Commissioner Papoutsis said: "I am satisfied with the adoption of this proposal for Directive. It is designed to solve the big problems European enterprises and in particular SMEs are facing with the continuation of the phenomenon of late payment. It is a measure which has also been requested by the enterprises themselves. Late payment is an unacceptable situation especially when we are trying to help our SMEs to maximise their potential to create jobs, which are badly needed in Europe. I was shocked by the indifference shown by most of the Member States to our Recommendation of 1995 on this problem. Now, I urge them to adopt without any delay this Directive. I call upon them to prove their sensitivity and political will not only to help our SMEs, but also to help create employment".
The main elements of the proposed Directive are:
1. Compensation for late payment
· The level of interest for late payment (statutory rate) should be at least the sum of the tender (repo) rate of the European Central Bank, which will be the reference rate, plus a margin of at least 8 percentage points. Member States will have the possibility to fix a higher margin. For Member States not participating in the third phase of the Economic and Monetary Union, the reference rate should be the equivalent rate set by their Central Banks.
· The statutory rate will be applied when there is no contract signed between the parties, or the existing contract is silent on this matter.
· The statutory rate should change automatically if the reference rate has been changed. The margin may be reviewed and if necessary modified by a Commission decision.
· Respecting the principle of contractual freedom, the statutory rate will not be applied if another rate is specified in the contract.
· The creditor should be entitled to claim not only the interest, but also full compensation from the debtor for any further damage caused by late payment.
· The seller (creditor) should be entitled to claim interest from the buyer (debtor) on any outstanding amount when the due date has been exceeded.
· The due date for payment of debts, unless otherwise specified in the contract, or if the contract is silent on this subject or there is no contract, should not exceed 21 calendar days from the date of the invoice.
2. Retention of title
Member states shall take the appropriate steps to ensure that their legislation contains provisions according to which the seller (creditor) shall retain title to the goods sold until the buyer (debtor) has made the payment. As long as the buyer has not paid, the seller should have the possibility to claim that the goods sold be returned to him.
3. Accelerated recovery procedures for undisputed debts
Member States shall ensure that there is an accelerated debt recover procedure for undisputed debts.
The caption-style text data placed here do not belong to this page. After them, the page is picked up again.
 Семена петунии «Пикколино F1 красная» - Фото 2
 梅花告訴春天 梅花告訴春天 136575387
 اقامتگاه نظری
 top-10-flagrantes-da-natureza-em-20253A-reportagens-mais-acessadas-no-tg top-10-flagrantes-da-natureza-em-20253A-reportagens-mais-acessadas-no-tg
The whole procedure before the court should not exceed 60 calendar days from the date of the creditor's request until the writ of execution or equivalent document becomes enforceable.
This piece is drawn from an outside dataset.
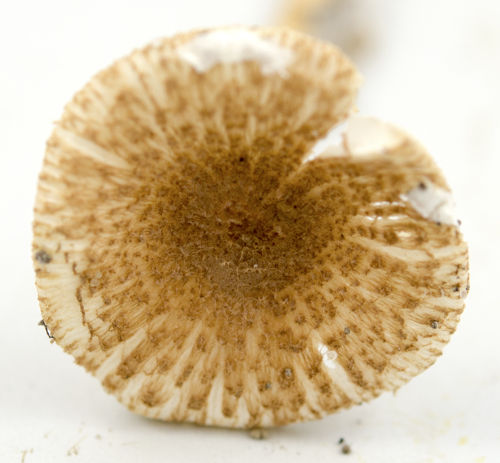 Leucoagaricus image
The procedure shall be available to creditors from all Member States, irrespective of their place of residence.
4. Simplified legal procedures for small debts
Member States should ensure that simplified procedures are available for small debts up to ECU 20,000. These procedures should provide for simple low-cost methods for taking legal action and should be applied on a non-discriminatory basis to creditors of any Member State.
5. Public Sector
· Member States should take the appropriate measures to ensure that their legislation contains provisions to which public procurement contracts and tender specifications include precise details of the payment periods and deadlines practised.
· The due date for the payment of contractual debts by the public authorities should not exceed 60 calendar days, without prejudice to any shorter times currently in effect. · The contract should in no circumstances override this maximum payment period.
· If the contract is silent or there is no contract, the due date for the payment should not exceed 21 calendar days as is the case in the private sector.
· A creditor should be entitled to interest from the public sector on any outstanding amount when the due date has been exceeded, the interest being paid automatically without the necessity of a claim.
· The interest rate applied to the public sector should be the same as for the private sector.
· The public authorities should not be permitted to request or require that the creditor does not use any of his rights.